Re: Efficiency of a Hash with 1 Million Entries

Thanks again for the help. By turning friendoffriend.pl into a module, the execution time is now about 2 minutes! I had no idea that running another script through a system call would cause such a slow down. If anyone is looking for a really simple and easy to understand tutorial on making a Perl module, here is the site I used: http://www.webreference.com/programming/perl/modules/ The only thing now, though, is the results that I was getting before differ from the results I am getting now (about 224,000 clusters previously, now only 124,000 clusters). So I will have to go back through my code and see what could have caused this change.

In regard to the AllJoinRecip table, I must have incorrectly remembered the amount of time it takes to make that table. It actually only takes 10 seconds. I have no idea which table I remember taking 5 minutes to create. I am pretty sure that the AllJoinRecip table follows the suggestions you made, dineed, but I will double check to make sure. Thanks again!
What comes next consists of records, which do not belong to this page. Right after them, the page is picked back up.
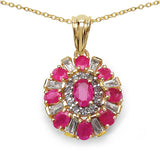 14K Yellow Gold Plate 2.94 Carat Genuine Glass Filled Ruby & White Topaz .925 Silver Pendant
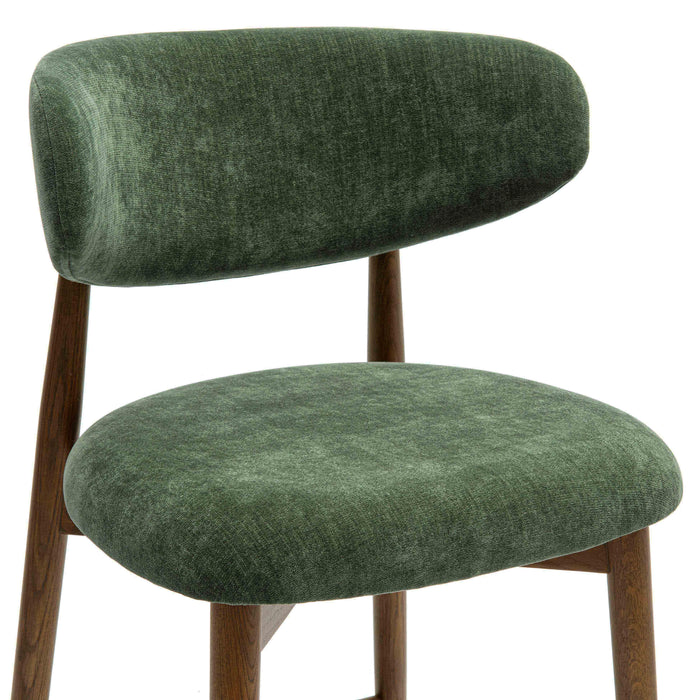 Zinea Forest Green Performance Textured Velvet Counter Stool - Home And Beyond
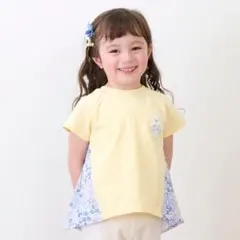 新品タグ付き　petit main らくちん花柄切替T 黄　110cm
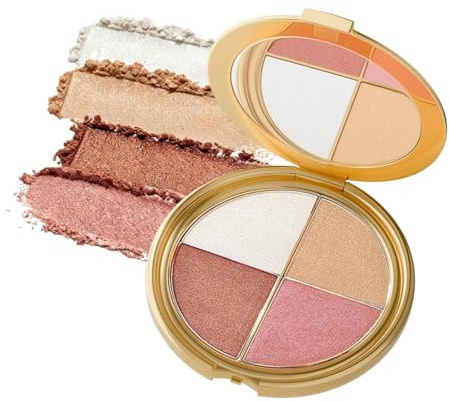 Reccisokz Palette Viso Blush Con Illuminante, Ombretti, Kit Contouring A 4 Colori, Facile Da Trasportare Multiuso,Lunga Tenuta E Waterproof, Texture Setosa, Adatta Ai Principianti, 8,8 G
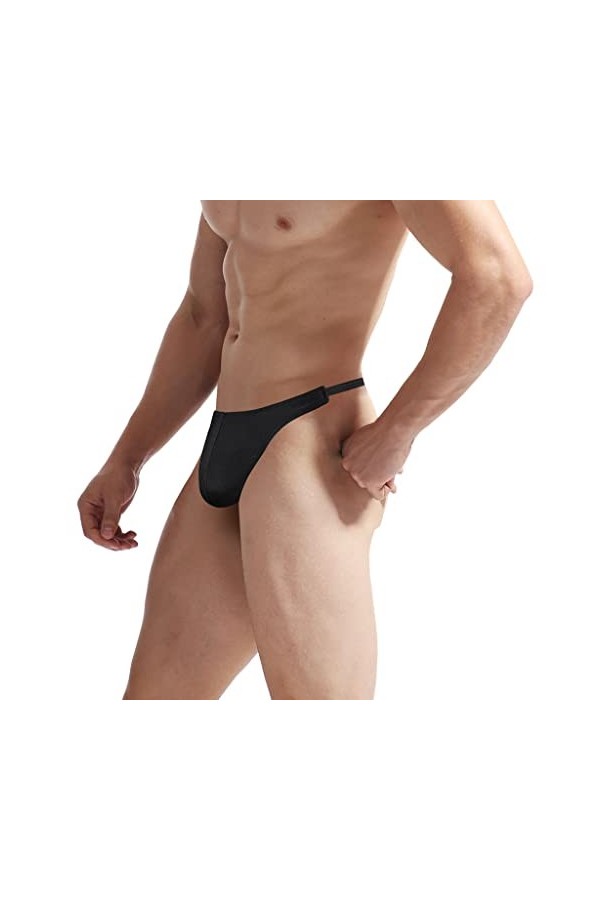 Czizitong sous-vêtements G-Strings de Lingerie Sexy pour Hommes Noir 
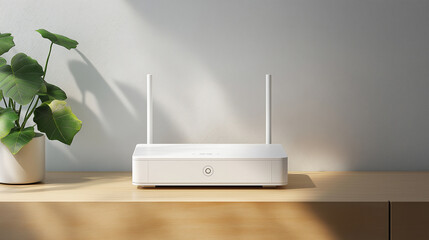 Aufkleber - New white wifi 6 router standing on wooden desk in modern minimalist apartment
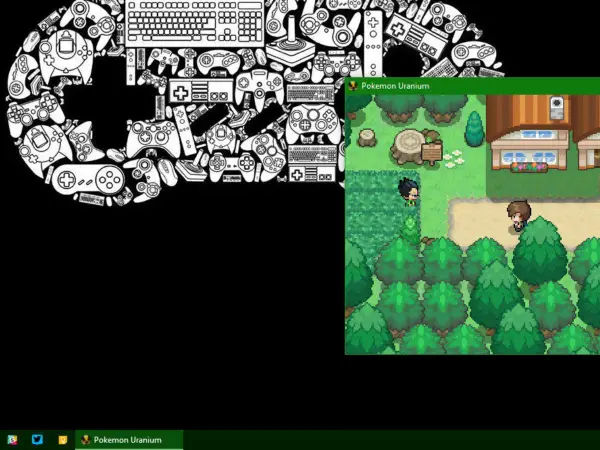 Gry Pokemon na PC: Pokemon Uranium na ekranie, otoczone grafiką z kontrolerami.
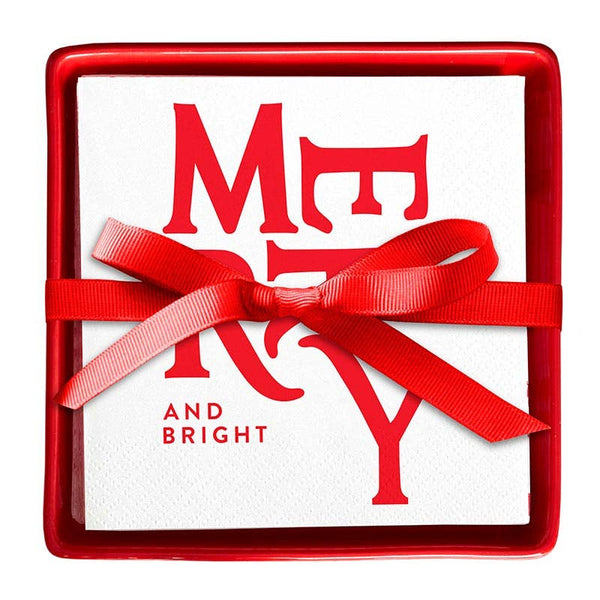 MERRY + BRIGHT COCKTAIL NAPKINS - RED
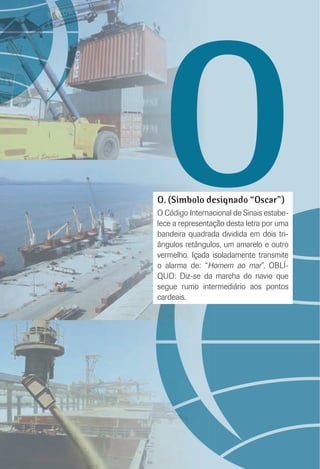 OO. (Símbolo designado “Oscar”)
O Código Internacional de Sinais estabe-
lece a representação desta letra por uma
bandeira quadrada dividida em dois tri-
ângulos retângulos, um amarelo e outro
vermelho. Içada isoladamente transmite
o alarma de: “Homem ao mar”. OBLÍ-
QUO: Diz-se da marcha do navio que
segue rumo intermediário aos pontos
cardeais.
 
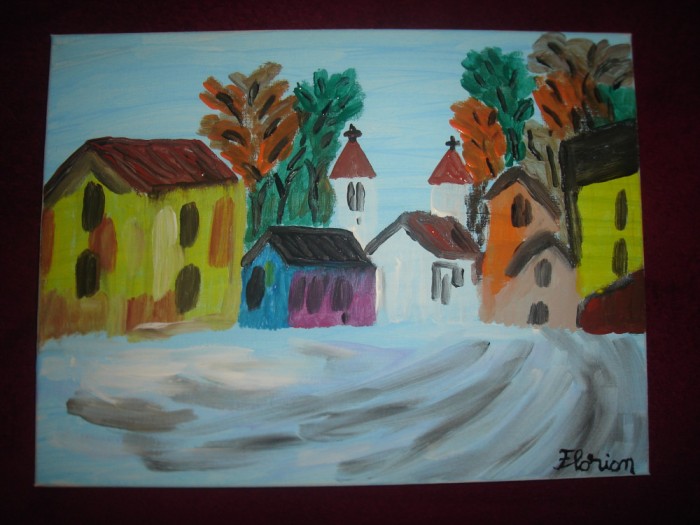 TABLOU PE PANZA CU SASIU NOU 30 X 40 CM CASUTE PE ULITA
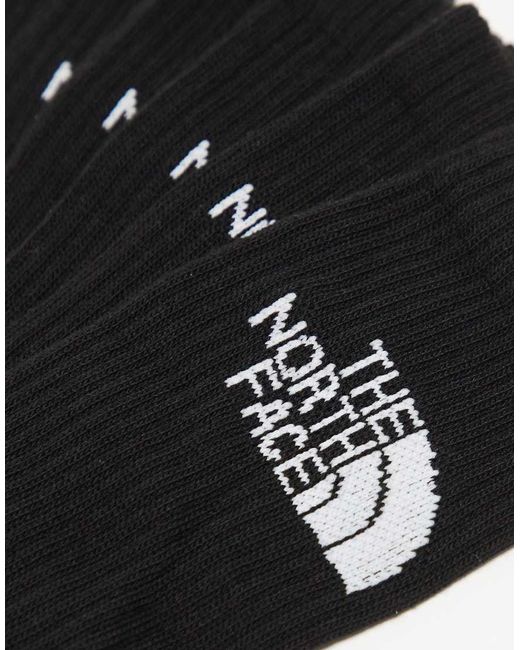 Pack De 3 Pares De Calcetines Negros Con Logo Simple Dome De The North Face de color Black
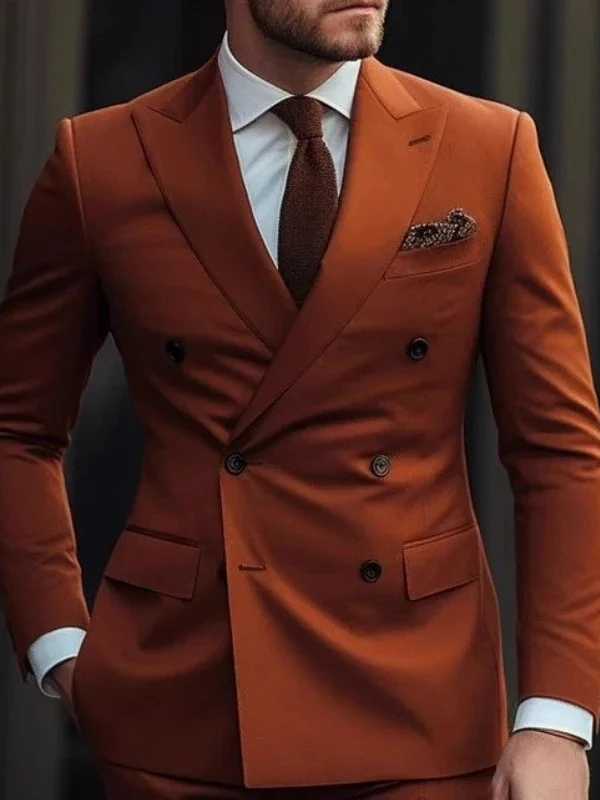 

Men's Two-Piece Suit Wedding Guest Casual Business British Style Photography Suit Host Elegant Feeling Formal Dress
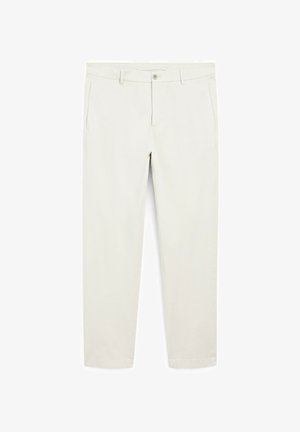 Chino beige chiaro in cotone, caratterizzati da una vita piatta, tasche laterali e un design a gamba dritta con orlo senza cuciture.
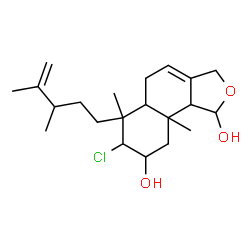 ChemSpider 2D Image | 7-Chloro-6-(3,4-dimethyl-4-penten-1-yl)-6,9a-dimethyl-1,3,5,5a,6,7,8,9,9a,9b-decahydronaphtho[1,2-c]furan-1,8-diol | C21H33ClO3
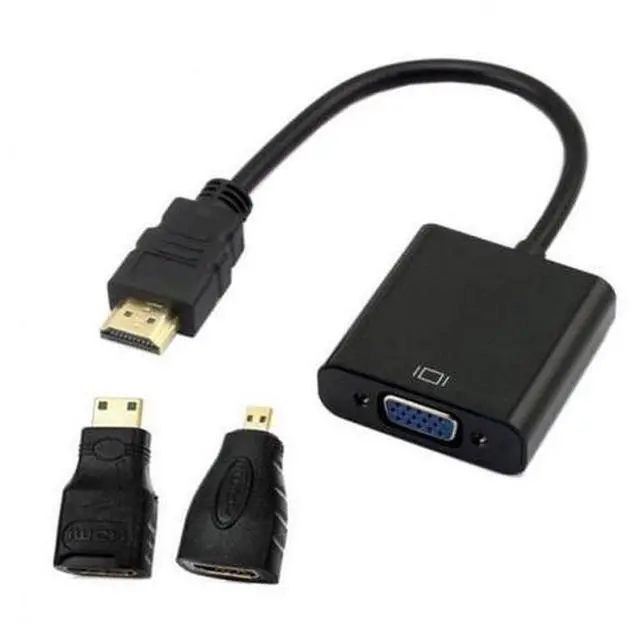 Main image of SM HDMI Source to VGA Female Output Cable with Micro & Mini HDMI Adapter for Projector Monitor PC Laptop Black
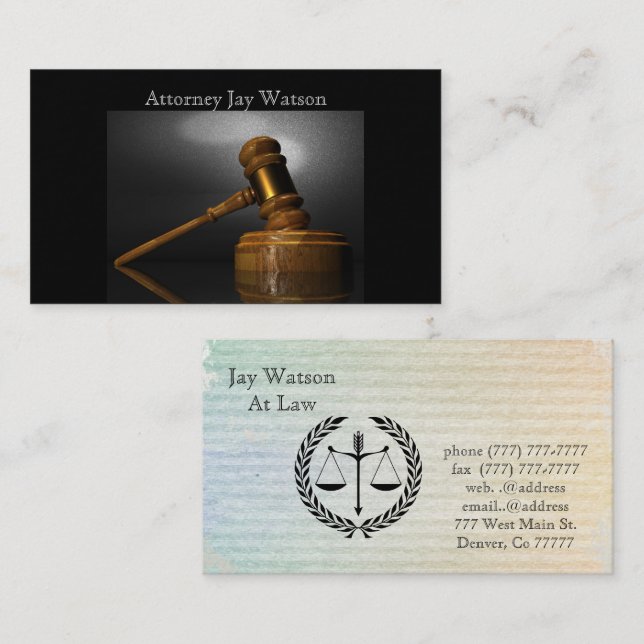 Carte De Visite Justice Law Office Personnalise Destiny Destiny'S (Devant / Derrière)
Comment on Re: Efficiency of a Hash with 1 Million Entries

Replies are listed 'Best First'.
Re^2: Efficiency of a Hash with 1 Million Entries by Corion (Patriarch) on Jul 02, 2010 at 22:15 UTC
Note that since the conversion from an external program to a module within your other program, global variables of `friendoffriend.pl` retain their value between runs. You might want to reinitialize them upon each run.	[reply] [d/l]
Re^3: Efficiency of a Hash with 1 Million Entries by gunr (Novice) on Jul 06, 2010 at 14:51 UTC
Thanks for pointing this out. For those keeping score: It turns out that my original results file had some duplicate entries somehow. I must have messed up somewhere in the script I guess. The new results do not have any duplicates, so it is a much more accurate representation of my data.	[reply]